Joanna MacGregor: “Virtuosity is something you are born with”

The pianist on the serenity of Beethoven.

By Emily Bootle

Joanna MacGregor’s favourite pieces of music are those that evoke gothic cathedrals. “I’m very drawn to composers who write monumental works, stuff that’s architecturally big,” the British pianist told me when we met at the Royal Academy of Music in London earlier this year. “I like the idea of huge spaces that you can walk around and be amazed. Piano pieces are like enormous buildings. You will study them for many years and never get to the bottom of them.”

MacGregor has always had an original approach to music. She has her own record label, SoundCircus, and has produced recordings of “colossal” works – most recently, the complete Chopin mazurkas. Until 2019 she ran the Dartington International Talent Festival and, until 2012, the Bath International Music Festival, as well as curating concerts for the Royal Opera House. She has been head of piano at the Royal Academy since 2011, and in 2019 was awarded a CBE for her contributions to music.
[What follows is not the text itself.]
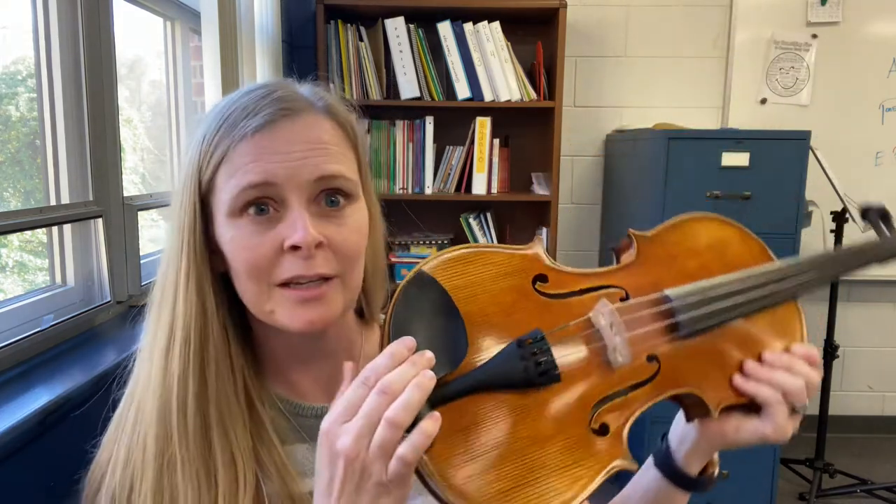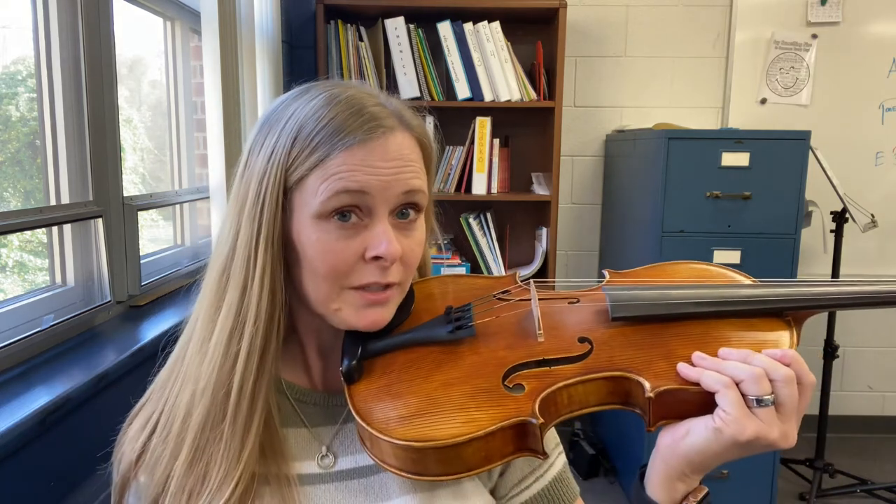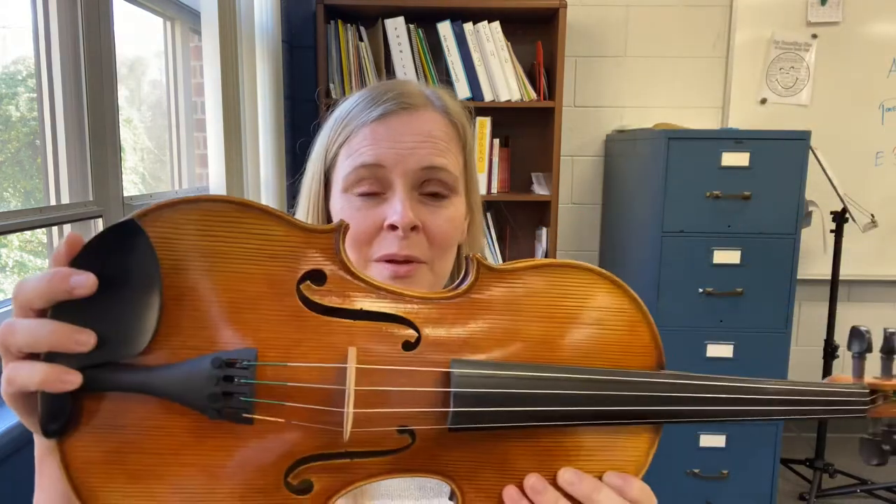And finally we have the chin rest, which is where we place our chins when we play. And those are the parts of the viola.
Last year she was also on the judging panel for the contentious double-winner Booker Prize (a topic about which she is guarded – “I was very passionate about other writers too on that shortlist, which is why it took six hours and we didn’t get anywhere!”).
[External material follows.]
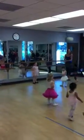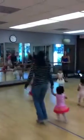Good. All the family here. Good job. Good, Taryn. Look at you jumping. You guys did a great job.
MacGregor’s live performances are testament to her musical imagination. During her concerts she plays pieces by Beethoven alongside songs by the soul legend Nina Simone, believing that different musical styles and periods complement each other.

Born in 1959, and raised in north London, MacGregor’s diverse musical taste was founded in childhood. Her mother, a Beatles fan, taught her the piano from the age of three. “I played a lot by ear,” MacGregor recalled. “I used to play Mozart and I loved Bach, even when I was little. Then we used to play Beatles numbers, singing at the piano and mucking around and playing ‘Take Five’.”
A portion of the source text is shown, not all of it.